Actually, it defied simple logic.
In the classic novel-turned-play-turned-opera-turned-movie Peter Ibbetson, the title character and his childhood sweetheart are separated due to circumstances beyond their control, yet visit each other in their dreams to continue their love affair until death.

A bittersweet concept, is it not? One that appeals to dreamy-eyed teenage girls, women tired of the Neanderthals they've been married to for 25 years, and saps like me who entertain the ridiculous notion that the supernatural is better than the real thing.

Wait, did I say "supernatural"? As in, "Impossible, I tell you!"? Well, it appears that I'm all washed-up as far as what we're supposedly capable of. And all it takes is a little training in astral projection. Gentlemen, start your cosmic engines!

Wikipedia describes astral projection as a willful out-of-body experience (OBE), a supposed form of telepathy, that assumes the existence of a soul or consciousness called an "astral body" that is separate from the physical body and capable of travelling outside of it throughout the universe. 

I predict a major jolt awake any second.
Ever have the feeling, when falling asleep, that you're drifting away, only to be jolted awake? I mean, other than when your spouse is snoring or elbows you for snoring.

Well, guess what. You've been having astral projection without realizing it. That's why the call it "falling asleep", because it often feels like you're falling, get it? Actually, that's not the real reason, but it's something I thought of first.

But now it's possible to take it one step further by having astral sex: sex without physical contact.

I hesitate to take sex advice from someone looks like
the lead character of  Better Call Saul.
Great!
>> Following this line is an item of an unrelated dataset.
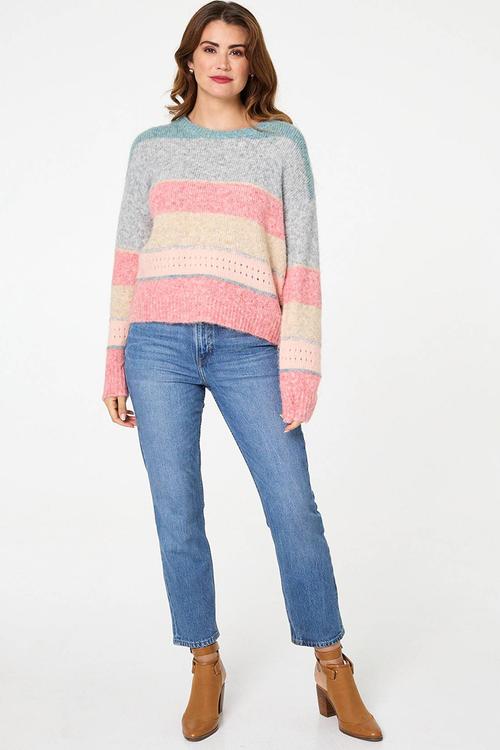 L/S Easy Wearing Stripe Melange Knitwrear Jersey - Multi Pink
This is just what every guy has been dreading -- yet another way (i.e., excuse) for a woman to make no sex sound great. And we have a man to thank for it: Steve G. Jones, whose career as a $25,000-per-session hypnotherapist has apparently convinced people that no-sex sex is a good thing.

As related by the New York PostThe astral sex guru believes that when two people are having out-of-body sex, the couple isn’t actually having a physically intimate moment.

"OK, what if we meet up near Jupiter, would that
be better for you?"
In other words, your souls, rather than the usual suspects, are penetrated, allowing for couples to experience "a deeper connection." 

Ask your average guy if "a deeper connection" is what they're looking for in sex. Most likely, they'll answer something like, "I've got your deeper connection right here, heh heh!"

Attract everything but sex.

As Jones explains, the welcome side effects are “no procreation, no STDs and no pregnancy.” This must be the first paranormal activity that lines up with the GOP platform: No sex, no birth control, no fun.

It may or may not be a coincidence that nowhere on Steve G. Jones' website or Wikipedia entry is there any mention of a significant other, leading me to believe that he wants everybody else to know what celibacy is like. There's gotta be better ways than putting that 25-thou per hour session money to good use. And I mean here on earth.